A trust is another method of estate transfer. It is a fiduciary arrangement that allows a third party, or trustee, to hold assets on behalf of a beneficiary or beneficiaries. Trusts can be arranged in many ways and can specify exactly how and when the assets pass to the beneficiaries. Assets in a trust may also be able to pass outside of probate, saving time, court fees, and potentially reducing estate taxes as well.
Since trusts usually avoid probate, your beneficiaries may gain access to these assets more quickly than they might gain access to assets that are transferred using a will. Additionally, if it is an irrevocable trust, it may not be considered part of the taxable estate, so fewer taxes may be due upon your death.
Other benefits of trusts include:
Control of your wealth. The terms of a trust can be specified precisely, to control when and to whom distributions may be made. You may also set up a revocable trust so that the trust assets remain available to you during your lifetime while also designating to whom the remaining assets will pass when you die, even when there are complex situations such as children from more than one marriage.
Protection of your legacy. A properly constructed trust can help protect your estate from your heirs' creditors or from beneficiaries who may not be adept at money management.
Privacy and probate savings. Since probate is a matter of public record, a trust may allow assets to pass outside of probate and remain private. Avoiding probate may also reduce the amount lost to court fees and taxes.
Trusts can provide tax planning opportunities. Assets held in a revocable trust remain under your control during your life and so are taxed no differently than if they were owned outside of your trust. At death, certain assets are still eligible for a step-up in basis, even if they’re held in a revocable trust at the time of your death.
A trust can be created for a variety of functions, and although there are many types of trusts, there are two main categories: living and testamentary. A testamentary trust can be created using a will. You can also create a trust for the primary purpose of avoiding probate court, called a revocable living trust.
Trusts tend to be more expensive than wills to create and maintain. A trustee will be named in the document to control the assets' distribution following the trustor's wishes, according to the trust document and its mandates. This is also an effective way to control the passing of your estate beyond the grave.
Also known as a living trust, a revocable trust can help assets pass outside of probate, yet allows you to retain control of the assets during your lifetime. It is flexible and can be dissolved at any time, if necessary. It may be changed during your life (the trustor), but it typically becomes irrevocable once you die, and therefore can no longer be changed. Using a revocable living trust instead of a will means assets owned by your trust will bypass probate and flow to your heirs as you’ve outlined in the trust documents. Although a revocable trust may help avoid probate, it is usually still subject to estate taxes. It also means that during your lifetime, it is treated like any other asset you own.
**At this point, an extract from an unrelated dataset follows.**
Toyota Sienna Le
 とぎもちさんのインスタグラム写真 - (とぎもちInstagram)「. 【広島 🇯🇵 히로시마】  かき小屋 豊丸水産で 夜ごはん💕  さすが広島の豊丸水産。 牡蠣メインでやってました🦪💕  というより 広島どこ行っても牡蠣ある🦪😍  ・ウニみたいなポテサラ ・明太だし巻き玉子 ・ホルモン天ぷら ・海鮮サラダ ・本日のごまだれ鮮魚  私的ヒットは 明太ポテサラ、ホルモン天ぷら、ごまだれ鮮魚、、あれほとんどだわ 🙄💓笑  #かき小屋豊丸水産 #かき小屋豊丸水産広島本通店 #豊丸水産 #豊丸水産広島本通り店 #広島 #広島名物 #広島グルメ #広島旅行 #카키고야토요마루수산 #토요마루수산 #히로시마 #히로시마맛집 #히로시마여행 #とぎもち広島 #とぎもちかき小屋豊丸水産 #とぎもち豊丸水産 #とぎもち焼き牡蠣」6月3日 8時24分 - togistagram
Trusts can be a powerful tool to help you accomplish a wide range of goals during your lifetime and long after. Like the rest of your estate and financial plan, you’ll need to regularly revisit your strategy with your attorney and financial planner to make sure your documents match up with your current situation, goals, and laws. State laws vary significantly in the area of trusts and should be considered before making any decisions about a trust.